▸ **TASK DESCRIPTION**
Output exactly the lines below, starting with the line that has "ハイエースバン TRH200V" and going on through the line that has "台湾化学系小鲜肉撩起衣服给你看腹肌", both included, and no other lines.

▸ **LISTED RECORDS**

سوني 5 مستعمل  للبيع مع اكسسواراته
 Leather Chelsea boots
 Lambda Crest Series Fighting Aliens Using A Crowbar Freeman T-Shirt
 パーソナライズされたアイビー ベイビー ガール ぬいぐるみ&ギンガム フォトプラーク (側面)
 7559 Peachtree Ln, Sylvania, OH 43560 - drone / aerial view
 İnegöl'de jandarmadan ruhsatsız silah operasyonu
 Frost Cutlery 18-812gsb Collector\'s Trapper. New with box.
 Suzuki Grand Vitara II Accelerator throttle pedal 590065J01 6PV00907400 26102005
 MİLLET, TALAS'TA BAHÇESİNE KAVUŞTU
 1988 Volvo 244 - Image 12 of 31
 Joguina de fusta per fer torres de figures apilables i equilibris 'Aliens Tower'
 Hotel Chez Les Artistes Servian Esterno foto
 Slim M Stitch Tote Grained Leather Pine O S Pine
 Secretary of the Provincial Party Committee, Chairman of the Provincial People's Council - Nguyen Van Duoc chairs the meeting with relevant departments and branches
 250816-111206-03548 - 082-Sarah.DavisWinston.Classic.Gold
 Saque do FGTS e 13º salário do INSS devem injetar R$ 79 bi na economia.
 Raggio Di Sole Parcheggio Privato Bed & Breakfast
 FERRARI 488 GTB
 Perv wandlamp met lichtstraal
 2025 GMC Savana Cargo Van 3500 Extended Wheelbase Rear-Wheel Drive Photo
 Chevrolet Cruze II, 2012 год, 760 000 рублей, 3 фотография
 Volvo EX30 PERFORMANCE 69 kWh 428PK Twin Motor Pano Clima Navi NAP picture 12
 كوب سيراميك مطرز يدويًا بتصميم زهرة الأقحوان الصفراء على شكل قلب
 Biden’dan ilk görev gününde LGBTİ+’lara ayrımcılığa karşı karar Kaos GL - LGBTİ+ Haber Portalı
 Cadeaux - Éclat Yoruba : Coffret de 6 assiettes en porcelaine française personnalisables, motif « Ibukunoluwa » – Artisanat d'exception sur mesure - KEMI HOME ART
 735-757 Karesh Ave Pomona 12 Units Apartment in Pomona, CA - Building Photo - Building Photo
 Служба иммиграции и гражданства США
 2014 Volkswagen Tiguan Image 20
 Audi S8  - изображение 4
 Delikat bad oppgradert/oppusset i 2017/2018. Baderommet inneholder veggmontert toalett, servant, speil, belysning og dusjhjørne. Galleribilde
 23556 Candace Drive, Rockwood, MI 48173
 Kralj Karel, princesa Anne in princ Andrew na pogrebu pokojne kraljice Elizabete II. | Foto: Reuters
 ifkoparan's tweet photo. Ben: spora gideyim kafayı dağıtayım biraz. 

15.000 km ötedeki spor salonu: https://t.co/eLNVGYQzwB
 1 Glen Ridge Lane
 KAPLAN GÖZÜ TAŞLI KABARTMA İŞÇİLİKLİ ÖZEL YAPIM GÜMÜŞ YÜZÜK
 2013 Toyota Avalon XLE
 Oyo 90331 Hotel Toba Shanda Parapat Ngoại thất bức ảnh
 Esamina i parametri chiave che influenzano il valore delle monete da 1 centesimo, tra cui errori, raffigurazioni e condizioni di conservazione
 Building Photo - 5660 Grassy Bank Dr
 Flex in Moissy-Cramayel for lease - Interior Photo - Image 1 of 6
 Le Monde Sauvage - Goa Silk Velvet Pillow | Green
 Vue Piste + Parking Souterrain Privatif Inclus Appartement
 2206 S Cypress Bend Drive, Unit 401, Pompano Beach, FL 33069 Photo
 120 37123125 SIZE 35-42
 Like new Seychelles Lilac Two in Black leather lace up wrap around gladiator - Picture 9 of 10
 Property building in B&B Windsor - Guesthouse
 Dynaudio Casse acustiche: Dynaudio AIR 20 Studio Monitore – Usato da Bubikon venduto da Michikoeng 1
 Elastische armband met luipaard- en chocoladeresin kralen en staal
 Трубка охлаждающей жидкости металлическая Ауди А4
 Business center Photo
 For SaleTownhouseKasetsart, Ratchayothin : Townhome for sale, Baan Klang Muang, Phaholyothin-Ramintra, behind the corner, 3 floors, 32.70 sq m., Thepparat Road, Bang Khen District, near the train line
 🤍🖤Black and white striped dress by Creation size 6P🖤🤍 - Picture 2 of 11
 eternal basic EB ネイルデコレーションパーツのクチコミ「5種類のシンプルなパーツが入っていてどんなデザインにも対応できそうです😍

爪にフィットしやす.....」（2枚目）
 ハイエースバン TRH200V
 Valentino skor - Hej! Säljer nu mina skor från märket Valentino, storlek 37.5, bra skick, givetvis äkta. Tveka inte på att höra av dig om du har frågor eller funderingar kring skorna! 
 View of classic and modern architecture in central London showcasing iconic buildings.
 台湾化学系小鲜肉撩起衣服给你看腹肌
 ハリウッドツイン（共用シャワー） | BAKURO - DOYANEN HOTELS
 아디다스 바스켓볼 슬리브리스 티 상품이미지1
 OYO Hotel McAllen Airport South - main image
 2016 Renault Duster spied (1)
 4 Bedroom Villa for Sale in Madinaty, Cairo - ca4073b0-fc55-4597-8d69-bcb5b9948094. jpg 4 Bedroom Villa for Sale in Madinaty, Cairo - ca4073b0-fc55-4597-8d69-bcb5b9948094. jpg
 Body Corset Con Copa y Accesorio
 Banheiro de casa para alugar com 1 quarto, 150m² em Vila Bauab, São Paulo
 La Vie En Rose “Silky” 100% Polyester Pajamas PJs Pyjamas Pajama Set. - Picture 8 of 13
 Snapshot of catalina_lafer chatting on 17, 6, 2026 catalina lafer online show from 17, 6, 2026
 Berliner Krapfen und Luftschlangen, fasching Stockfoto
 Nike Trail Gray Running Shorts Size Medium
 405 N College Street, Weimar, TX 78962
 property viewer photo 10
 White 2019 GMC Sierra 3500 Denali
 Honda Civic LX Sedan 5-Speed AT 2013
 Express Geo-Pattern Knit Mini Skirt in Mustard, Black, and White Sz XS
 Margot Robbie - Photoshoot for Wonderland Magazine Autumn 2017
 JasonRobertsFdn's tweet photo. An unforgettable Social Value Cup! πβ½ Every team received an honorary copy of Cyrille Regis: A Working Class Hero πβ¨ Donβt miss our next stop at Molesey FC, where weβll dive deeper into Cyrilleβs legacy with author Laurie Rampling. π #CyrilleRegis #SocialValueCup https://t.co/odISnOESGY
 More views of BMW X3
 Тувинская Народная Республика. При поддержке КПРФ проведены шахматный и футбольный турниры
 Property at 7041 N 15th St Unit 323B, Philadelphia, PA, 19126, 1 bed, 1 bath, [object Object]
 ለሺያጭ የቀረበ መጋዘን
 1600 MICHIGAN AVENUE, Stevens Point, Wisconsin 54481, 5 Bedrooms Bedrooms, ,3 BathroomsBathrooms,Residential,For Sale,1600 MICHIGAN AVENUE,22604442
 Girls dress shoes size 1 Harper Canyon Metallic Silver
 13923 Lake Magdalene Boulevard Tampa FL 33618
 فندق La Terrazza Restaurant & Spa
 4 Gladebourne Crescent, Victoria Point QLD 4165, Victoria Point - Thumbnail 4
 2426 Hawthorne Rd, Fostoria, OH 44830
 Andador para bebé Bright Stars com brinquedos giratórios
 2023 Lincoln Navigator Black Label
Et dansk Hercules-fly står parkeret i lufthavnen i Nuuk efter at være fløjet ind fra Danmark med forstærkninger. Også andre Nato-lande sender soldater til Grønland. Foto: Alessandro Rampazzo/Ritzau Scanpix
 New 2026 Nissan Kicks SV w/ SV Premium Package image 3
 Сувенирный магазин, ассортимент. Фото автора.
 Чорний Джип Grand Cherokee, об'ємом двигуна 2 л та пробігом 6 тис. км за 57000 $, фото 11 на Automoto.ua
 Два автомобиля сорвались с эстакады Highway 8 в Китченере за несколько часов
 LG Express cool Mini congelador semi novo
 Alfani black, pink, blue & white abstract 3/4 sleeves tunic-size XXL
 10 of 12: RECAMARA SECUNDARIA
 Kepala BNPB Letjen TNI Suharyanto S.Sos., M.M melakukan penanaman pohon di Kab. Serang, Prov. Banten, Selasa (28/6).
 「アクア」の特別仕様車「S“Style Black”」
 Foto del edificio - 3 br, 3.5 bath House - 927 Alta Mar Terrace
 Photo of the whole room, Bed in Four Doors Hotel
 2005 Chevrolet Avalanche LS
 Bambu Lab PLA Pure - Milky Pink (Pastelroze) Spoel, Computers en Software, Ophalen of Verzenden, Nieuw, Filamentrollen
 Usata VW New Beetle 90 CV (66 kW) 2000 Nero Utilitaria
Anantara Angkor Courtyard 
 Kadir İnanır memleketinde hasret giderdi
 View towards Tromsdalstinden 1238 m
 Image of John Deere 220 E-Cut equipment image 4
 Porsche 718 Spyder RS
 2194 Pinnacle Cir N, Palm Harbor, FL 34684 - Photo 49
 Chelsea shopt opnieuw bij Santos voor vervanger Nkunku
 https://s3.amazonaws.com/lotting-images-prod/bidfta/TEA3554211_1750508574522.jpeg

▸ **RESULT**
 ハイエースバン TRH200V
 Valentino skor - Hej! Säljer nu mina skor från märket Valentino, storlek 37.5, bra skick, givetvis äkta. Tveka inte på att höra av dig om du har frågor eller funderingar kring skorna! 
 View of classic and modern architecture in central London showcasing iconic buildings.
 台湾化学系小鲜肉撩起衣服给你看腹肌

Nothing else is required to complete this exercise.